## Embedding

After failing to obtain access to cohere english embedding model on aws bedrock, I decided to use text-embedding from google for the following reasons :

- It's one the cheapest models for embedding : The cost of performing embeddings with the publishers/google/models/text-embedding-005 model on the Google Cloud Vertex AI platform is $0.000025 per 1,000 characters for online requests and $0.00002 per 1,000 characters for batch requests.

- This family of models scores advanced scores on MTEB keeping them as top-ranked models for performing embeddinsg .
 MTEB, which stands for Massive Text Embedding Benchmark, is a comprehensive and standardized benchmark for evaluating the performance of text embedding models. Developed and hosted on Hugging Face, it provides a leaderboard that ranks various models based on their performance across a diverse set of tasks.

The goal of MTEB is to offer a holistic view of a model's capabilities beyond a single metric. It evaluates embedding models on a wide range of tasks, including:

- Classification: Categorizing text into predefined classes.

- Clustering: Grouping similar texts together.

- Retrieval: Finding relevant documents for a given query.

- Reranking: Reordering a set of retrieved documents to be more relevant.

- Semantic Textual Similarity (STS): Measuring the semantic closeness of two sentences.

To know what model best aligns with our use-case, I removed filtering options such as : academics - medical - news - programming - finance ... 

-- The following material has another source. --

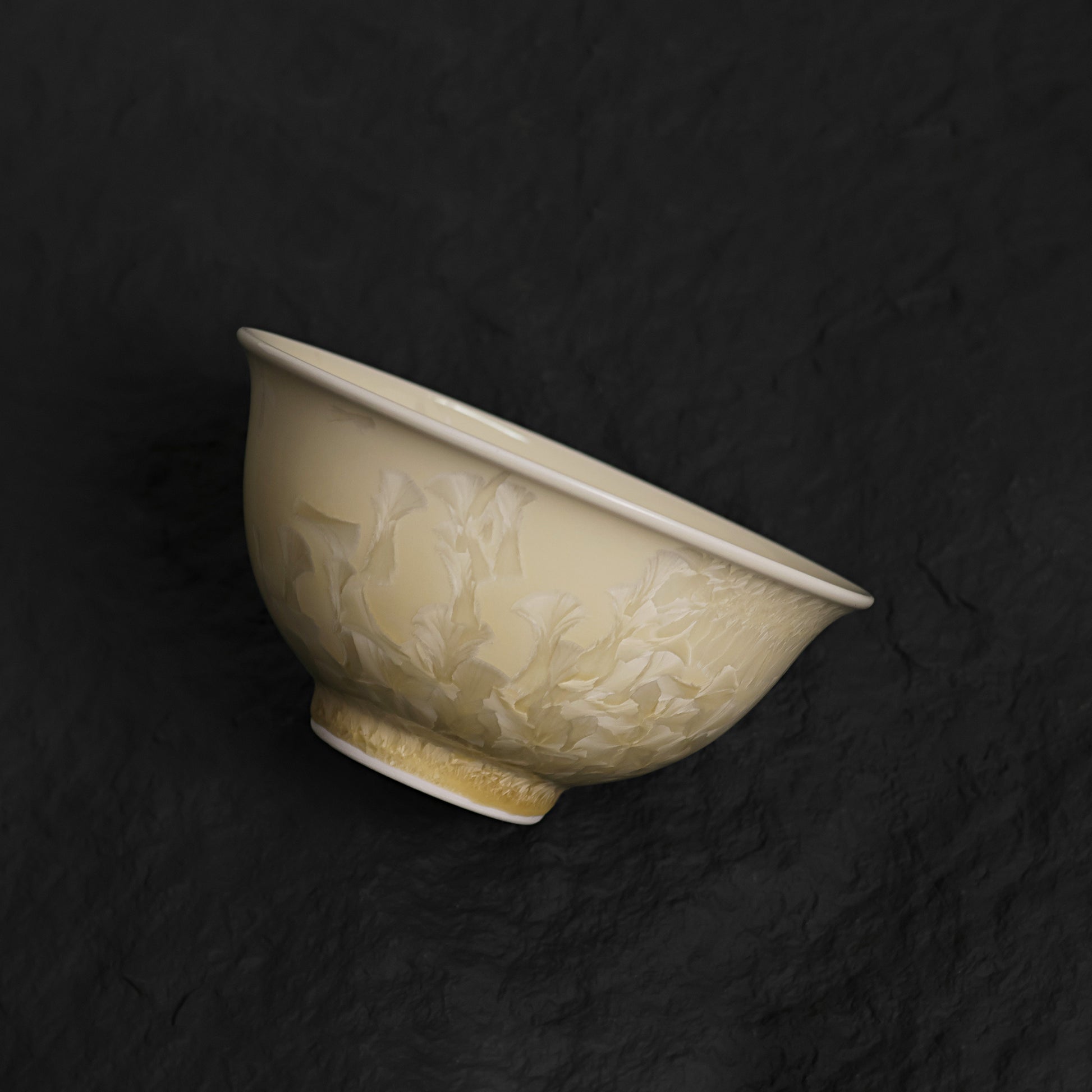 Light Yellow Crystalline Glaze Smooth Soup Bowl – 13.2” Handmade Ceramic Bowlght Yellow Crystalline Glaze Soup Bowls - Je t'aime Resolute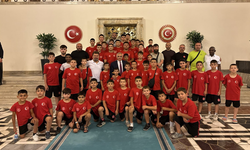 Vekil İnci Hendekli Genç Pehlivanları Meclis’te Ağırladı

I kept the following filters because they align better with what we need in DigiBot
Note : not all of them are closely related to our task but I kept them because I want to keep a general view of the capabilities of the models in different domains

![image-2.png](attachment:image-2.png)

These are the results based on our filters : we can see that the family of text-embedding models from google are scoring an advanced rank

![image.png](attachment:image.png)



In [1]:
import os
import vertexai
from dotenv import load_dotenv
from vertexai.language_models import TextEmbeddingModel
import json
import time
import random
from tqdm import tqdm
from pathlib import Path

# Load environment variables
load_dotenv()

True

In [None]:

# === CONFIG ===
PROJECT_ID = os.environ.get("GOOGLE_CLOUD_PROJECT")
LOCATION = os.environ.get("GOOGLE_CLOUD_LOCATION")

INPUT_PATH = Path("./data/chunks_cleaned.json")      
OUTPUT_PATH = Path("./data/embeddings.json")

### INIT VERTEX AI

In [None]:
try:
    vertexai.init(project=PROJECT_ID, location=LOCATION)
    print(f"Vertex AI initialized ( location={LOCATION})")
except Exception as e:
    raise RuntimeError(f"Failed to initialize Vertex AI: {str(e)}")


Vertex AI initialized ( location=us-central1)


In [None]:
# === LOAD DATA ===
with open(INPUT_PATH, "r", encoding="utf-8") as f:
    chunks = json.load(f)["chunks"]

print(f"Loaded {len(chunks)} chunks from {INPUT_PATH}")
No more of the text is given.